### TASK BRIEF
Your answer is the lines below, exactly, from the one that contains "Брезентово полуремарке SCHMITZ" through the one that contains "Beach, CA 92651", both included.

### SOURCE DATA
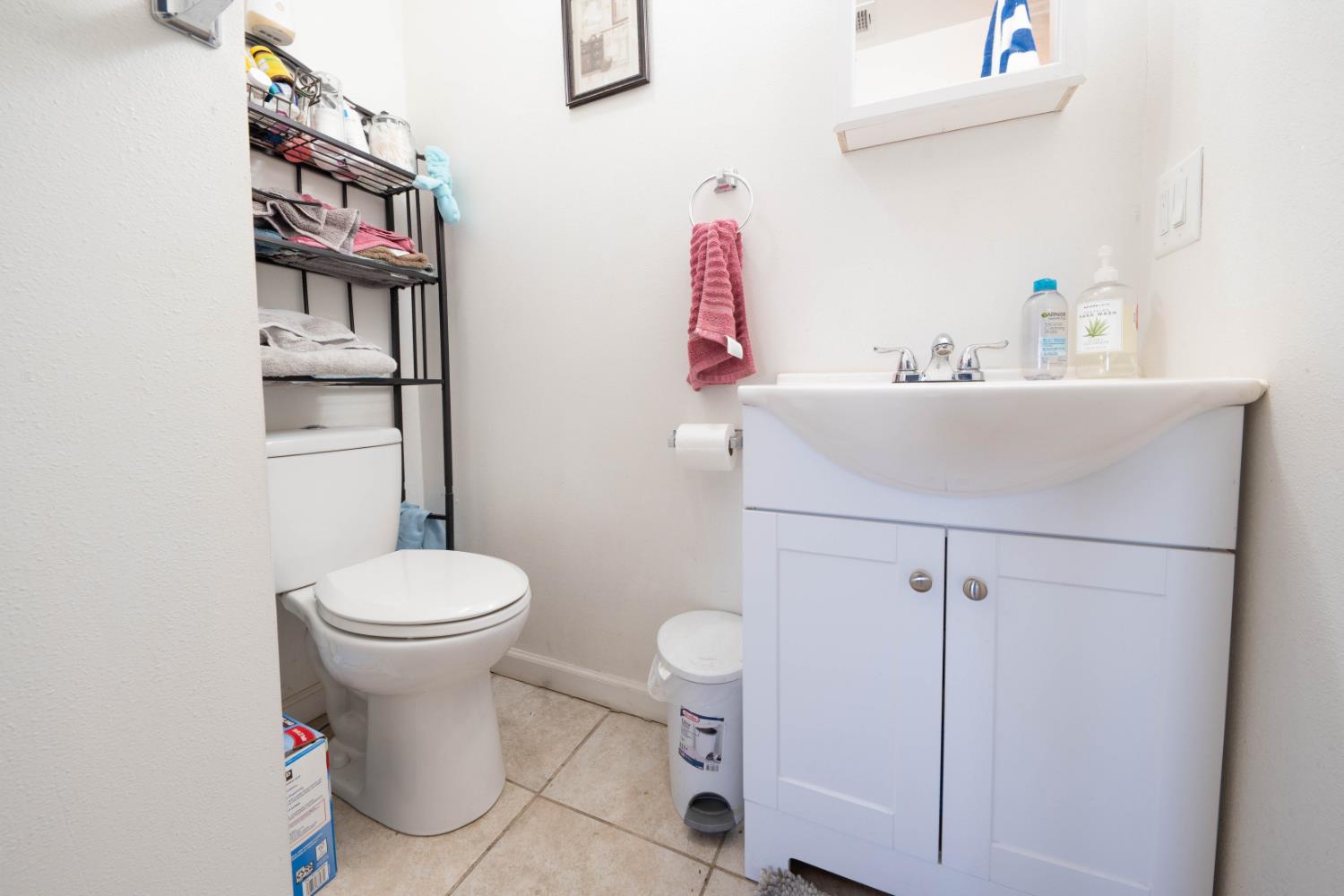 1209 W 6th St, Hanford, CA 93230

==

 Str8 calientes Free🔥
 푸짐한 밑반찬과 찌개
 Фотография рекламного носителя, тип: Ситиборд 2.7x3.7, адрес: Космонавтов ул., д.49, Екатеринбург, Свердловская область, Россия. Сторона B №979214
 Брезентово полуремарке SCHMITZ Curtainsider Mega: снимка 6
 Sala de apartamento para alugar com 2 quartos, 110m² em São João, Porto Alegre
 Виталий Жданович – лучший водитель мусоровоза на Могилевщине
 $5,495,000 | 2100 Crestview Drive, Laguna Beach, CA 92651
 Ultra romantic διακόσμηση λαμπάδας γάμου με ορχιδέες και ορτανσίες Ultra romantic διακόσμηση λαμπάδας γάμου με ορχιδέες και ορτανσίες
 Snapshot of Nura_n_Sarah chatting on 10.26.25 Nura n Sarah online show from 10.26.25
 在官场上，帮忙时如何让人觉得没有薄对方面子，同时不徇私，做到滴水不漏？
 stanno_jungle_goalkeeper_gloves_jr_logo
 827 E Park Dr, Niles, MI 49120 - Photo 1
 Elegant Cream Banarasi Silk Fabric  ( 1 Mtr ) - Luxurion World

### TASK OUTPUT
 Брезентово полуремарке SCHMITZ Curtainsider Mega: снимка 6
 Sala de apartamento para alugar com 2 quartos, 110m² em São João, Porto Alegre
 Виталий Жданович – лучший водитель мусоровоза на Могилевщине
 $5,495,000 | 2100 Crestview Drive, Laguna Beach, CA 92651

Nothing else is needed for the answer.